🤖 AI Summary
To address the challenge of simultaneously ensuring constraint satisfaction and linguistic fluency in controlled text generation with large language models (LLMs), this paper proposes a gradient-guided controllable decoding framework operating directly in the discrete token space. Methodologically, it introduces discrete autoregressive bias sequence modeling, formalizing a joint distribution over generated and bias sequences; designs a Langevin-within-Gibbs discrete MCMC sampler to avoid distortion from continuous-space approximations; and integrates discrete gradient estimation with energy-based optimization for precise, fine-grained constraint injection—without model fine-tuning or reparameterization. Empirical evaluation on sentiment control, detoxification, and keyword-guided generation shows substantial improvements in constraint adherence while matching or exceeding baseline models in fluency (measured by perplexity and human evaluation), all at lower computational cost.
📝 Abstract
Controlled text generation allows for enforcing user-defined constraints on large language model outputs, an increasingly important field as LLMs become more prevalent in everyday life. One common approach uses energy-based decoding, which defines a target distribution through an energy function that combines multiple constraints into a weighted average.

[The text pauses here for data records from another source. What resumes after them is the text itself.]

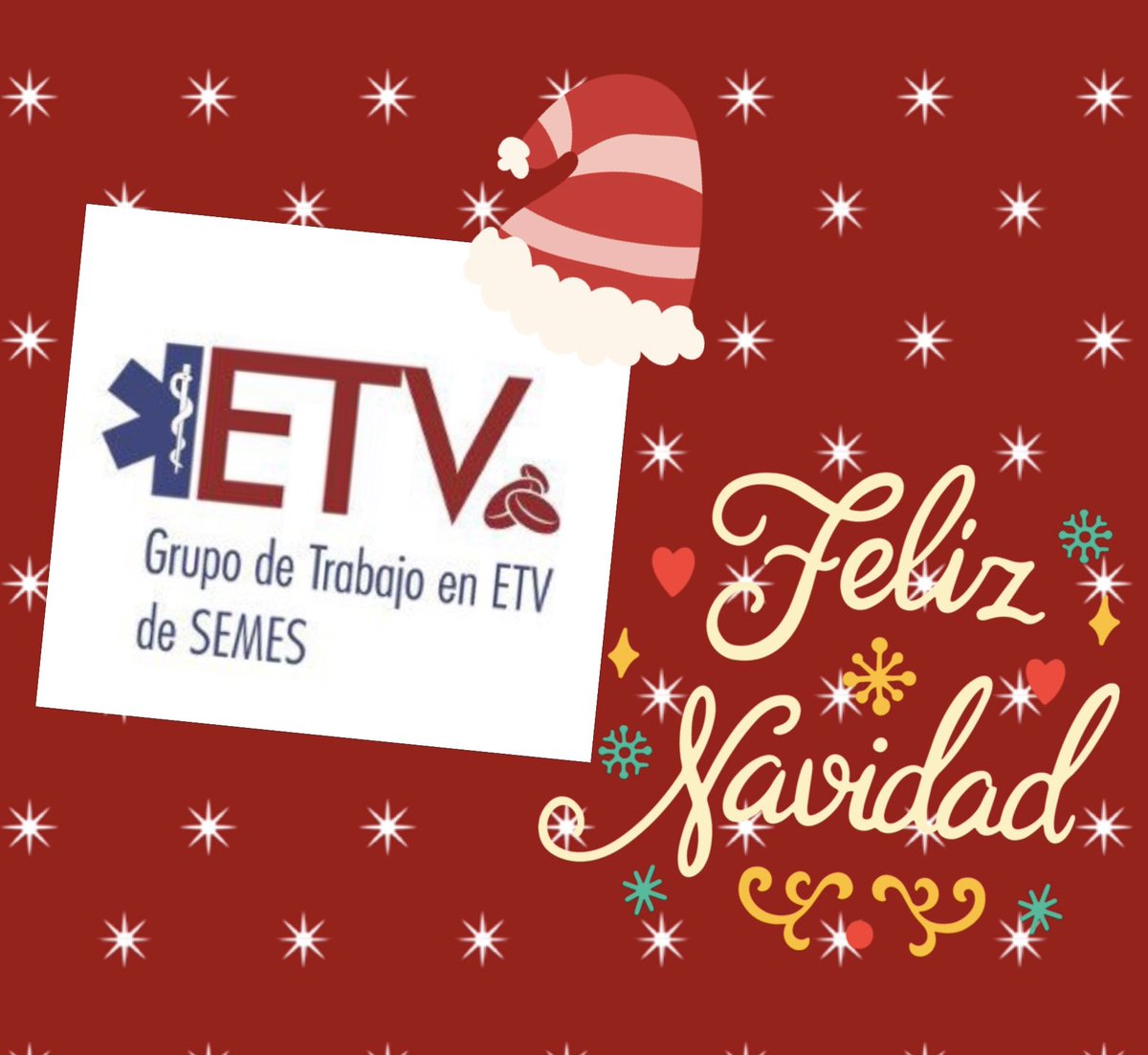 ETVSEMES's tweet image. Todo el grupo de @ETVSEMES os deseamos: ¡Felices Fiestas!
¡¡Por un año más lleno de novedades!! 
#ActualizaETV 
🎄🎁🎅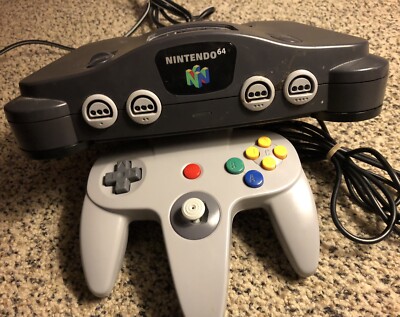 used Nintendo 64 adapter power supply jumper Park Controller Zelda Ocsrina Time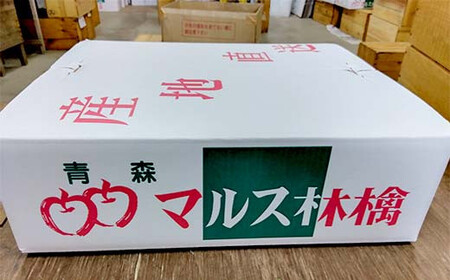 青森りんご サンふじ・シナノゴールド 2種セット 約5kg (小玉20個) 【マルス果樹園】 F21U-465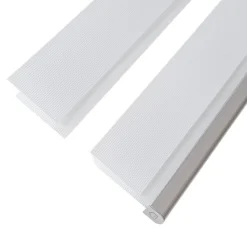Store enrouleur jour / nuit sans perçage Keston blanc cassé l.40 x H.140cm Goodhome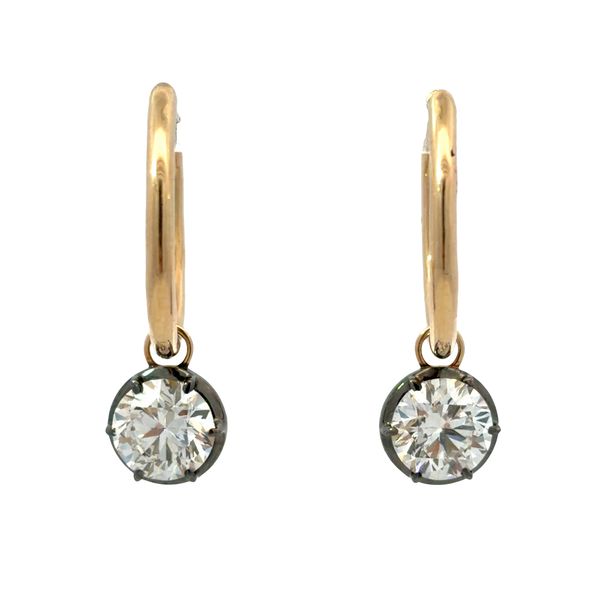 Lab Grown Diamond Earrings Miner's Den Jewelers Royal Oak, MI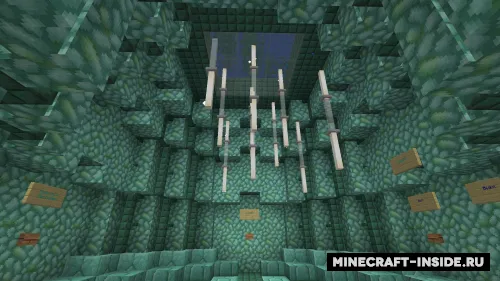 Prismarium — Minecraft xarita, rasm 1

However, these methods often struggle to balance fluency with constraint satisfaction, even with extensive tuning of the energy function's coefficients. In this paper, we identify that this suboptimal balance arises from sampling in continuous space rather than the natural discrete space of text tokens. To address this, we propose Discrete Auto-regressive Biasing, a controlled decoding algorithm that leverages gradients while operating entirely in the discrete text domain. Specifically, we introduce a new formulation for controlled text generation by defining a joint distribution over the generated sequence and an auxiliary bias sequence. To efficiently sample from this joint distribution, we propose a Langevin-within-Gibbs sampling algorithm using gradient-based discrete MCMC. Our method significantly improves constraint satisfaction while maintaining comparable or better fluency, all with even lower computational costs. We demonstrate the advantages of our controlled decoding method on sentiment control, language detoxification, and keyword-guided generation.